▶ **EXERCISE DETAILS**: Task for the records below: copy exactly from the first line on, stopping once the line with "Used 2022 RAM 1500 Big Horn AWD/4WD image 30" is copied, and leave out the pictures.
+++
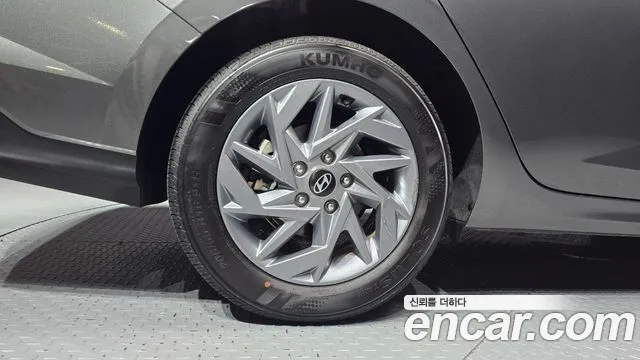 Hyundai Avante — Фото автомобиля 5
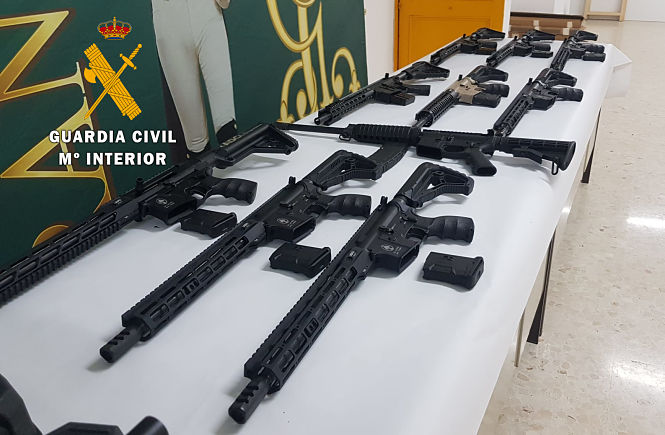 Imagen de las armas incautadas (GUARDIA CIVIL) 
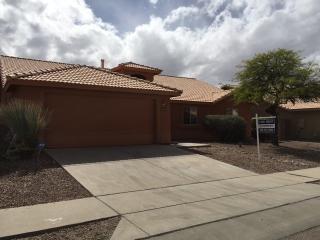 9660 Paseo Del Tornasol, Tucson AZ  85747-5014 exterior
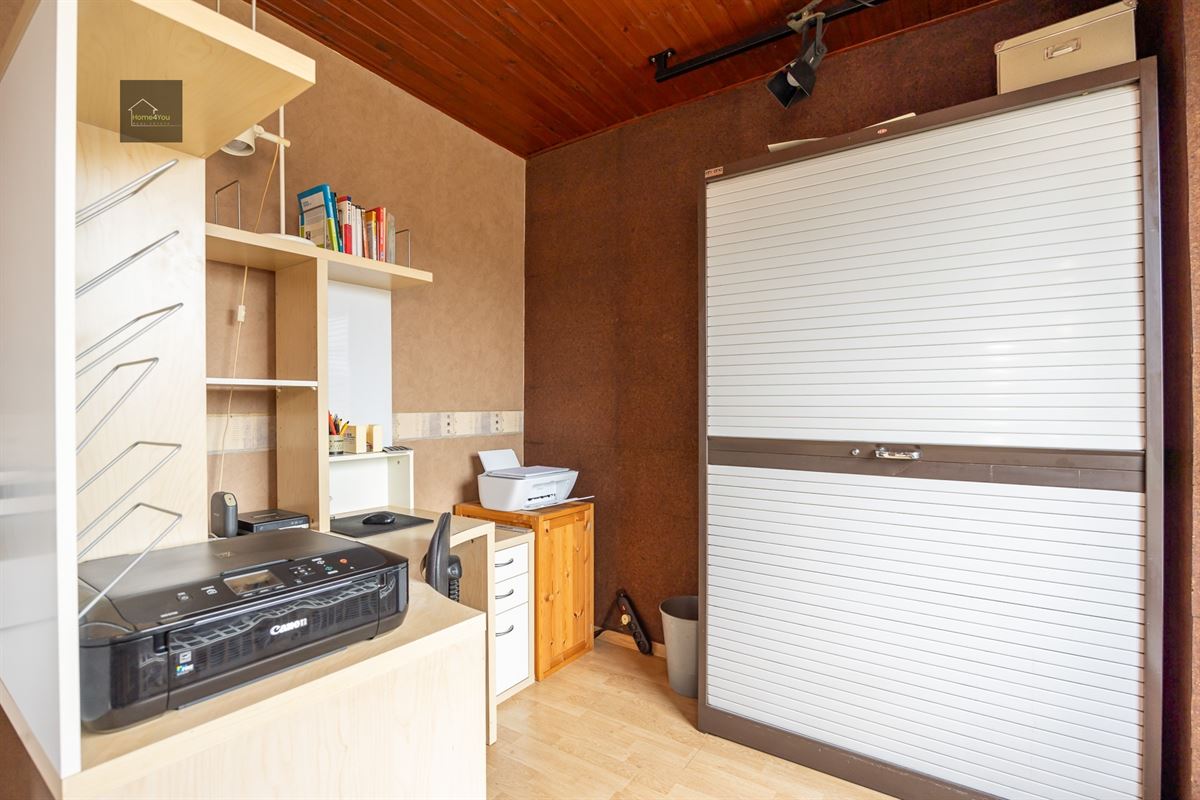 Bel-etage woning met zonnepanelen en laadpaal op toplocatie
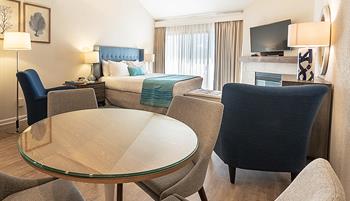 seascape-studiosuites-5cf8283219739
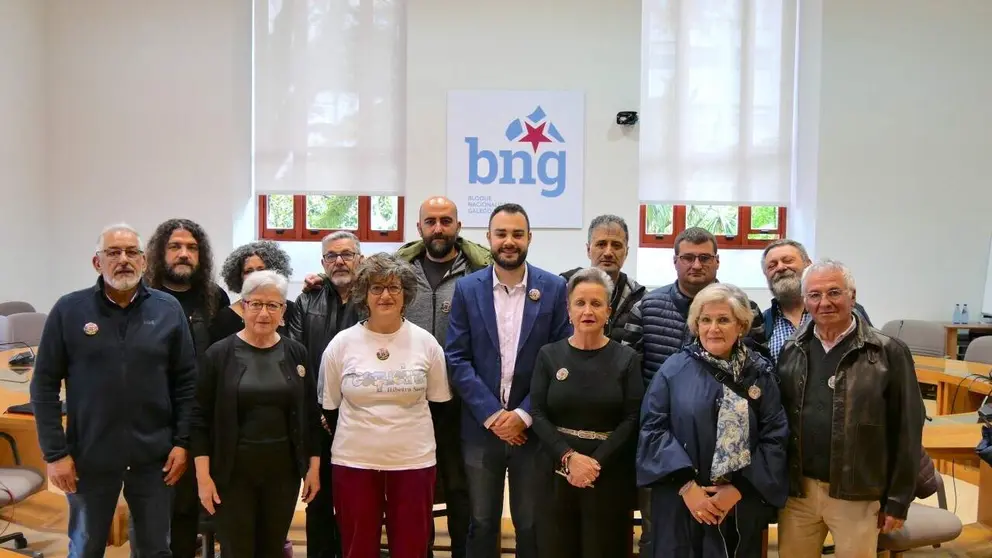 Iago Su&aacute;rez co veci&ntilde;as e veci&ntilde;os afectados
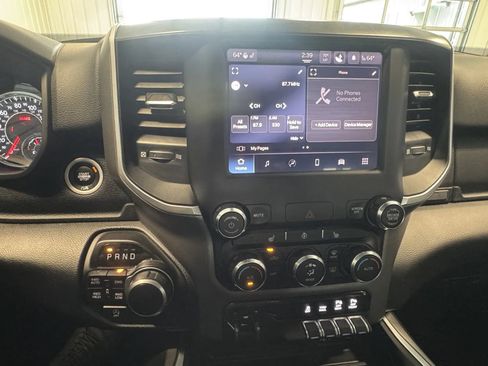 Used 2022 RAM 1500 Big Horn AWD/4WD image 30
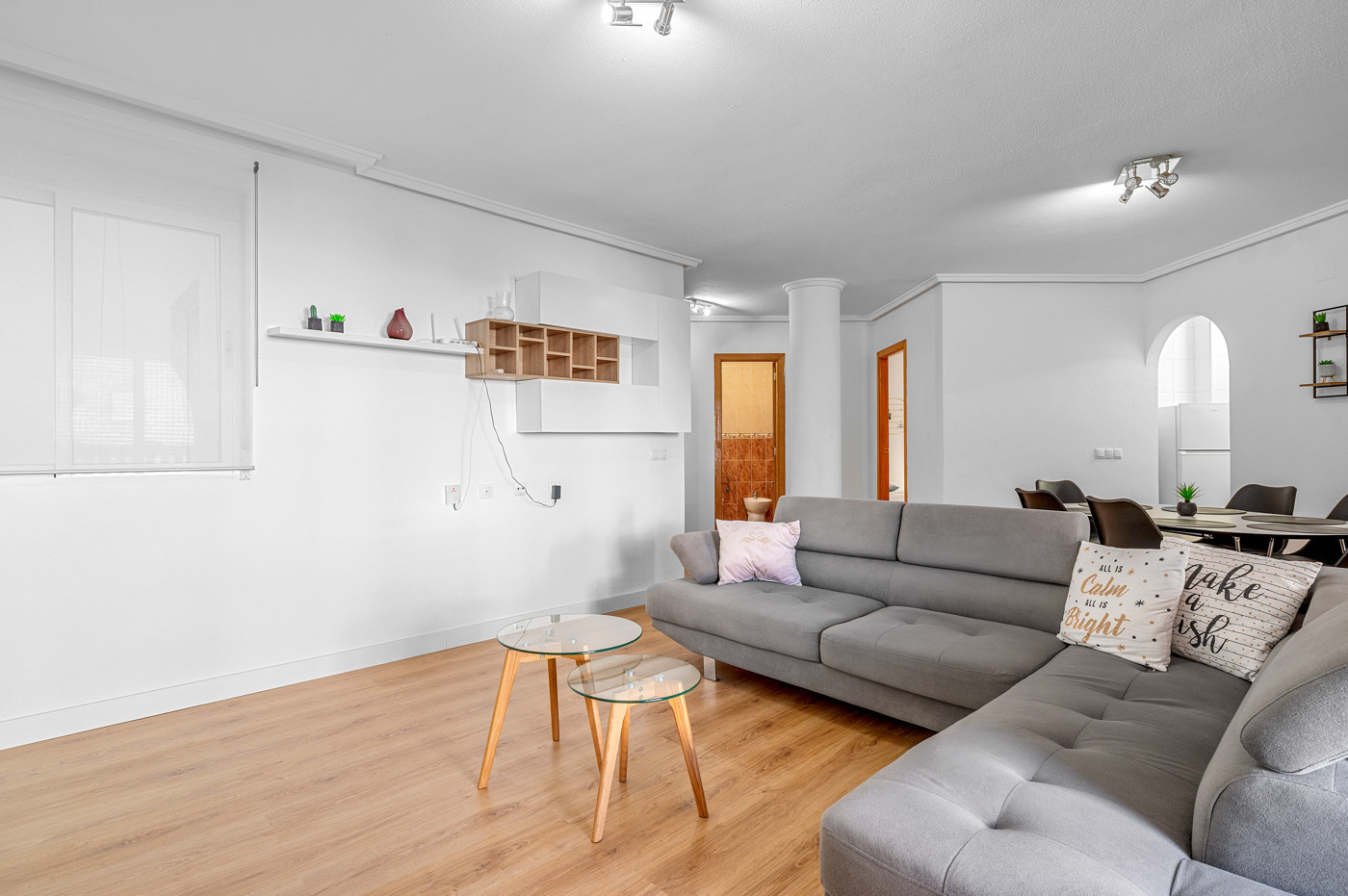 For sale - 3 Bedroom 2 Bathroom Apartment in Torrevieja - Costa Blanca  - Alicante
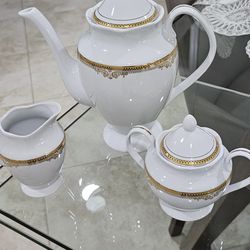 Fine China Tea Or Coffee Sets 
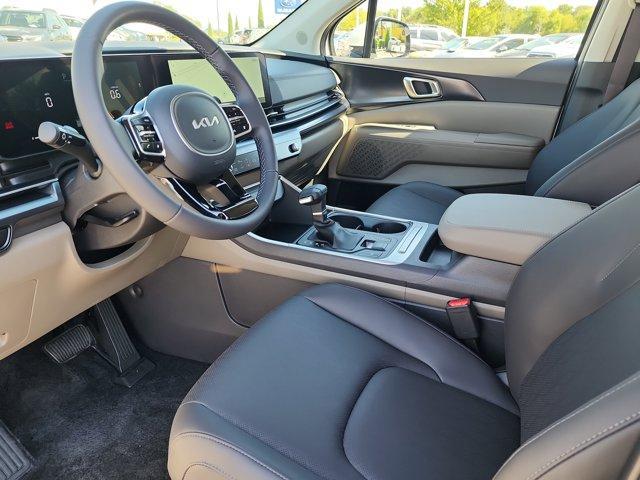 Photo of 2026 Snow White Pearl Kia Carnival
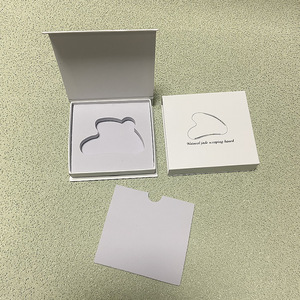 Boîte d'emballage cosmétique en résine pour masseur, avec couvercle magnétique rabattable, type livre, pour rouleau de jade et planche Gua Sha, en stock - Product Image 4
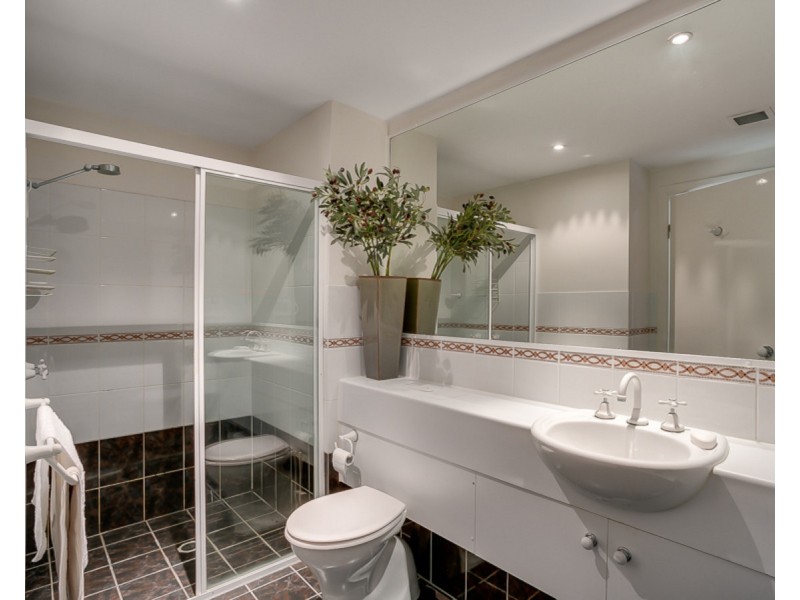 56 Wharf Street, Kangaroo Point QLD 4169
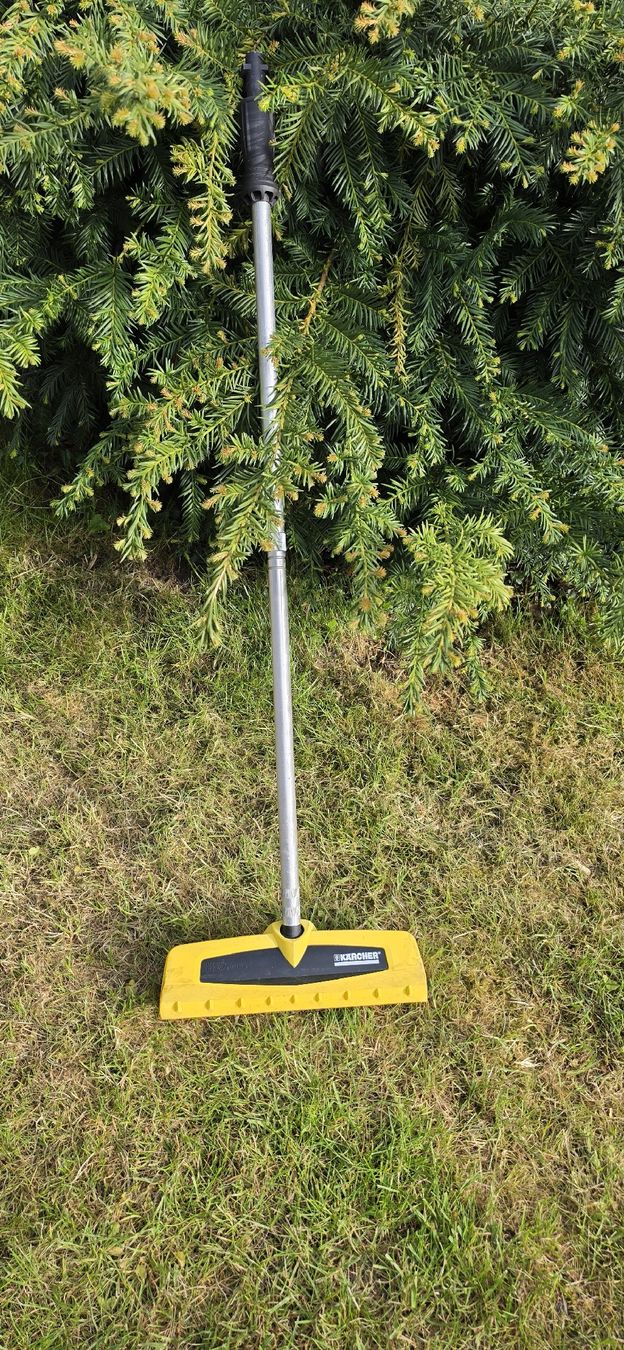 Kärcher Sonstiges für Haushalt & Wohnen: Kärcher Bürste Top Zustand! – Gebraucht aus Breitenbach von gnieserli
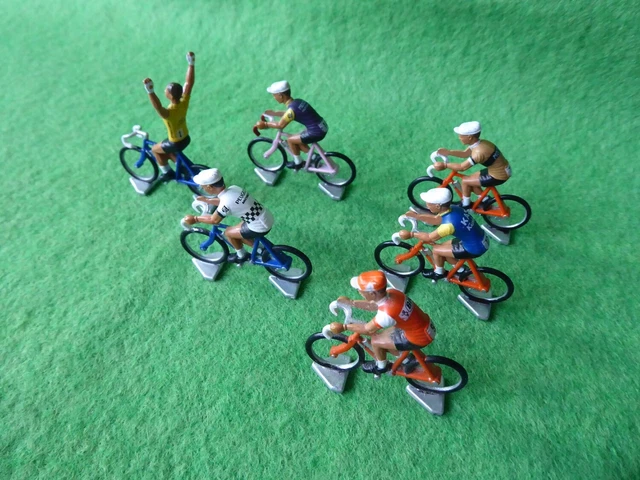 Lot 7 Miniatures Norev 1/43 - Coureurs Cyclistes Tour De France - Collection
+++
▶ **OUTPUT FOR THIS EXERCISE**:
 Hyundai Avante — Фото автомобиля 5
 Imagen de las armas incautadas (GUARDIA CIVIL) 
 9660 Paseo Del Tornasol, Tucson AZ  85747-5014 exterior
 Bel-etage woning met zonnepanelen en laadpaal op toplocatie
 seascape-studiosuites-5cf8283219739
 Iago Su&aacute;rez co veci&ntilde;as e veci&ntilde;os afectados
 Used 2022 RAM 1500 Big Horn AWD/4WD image 30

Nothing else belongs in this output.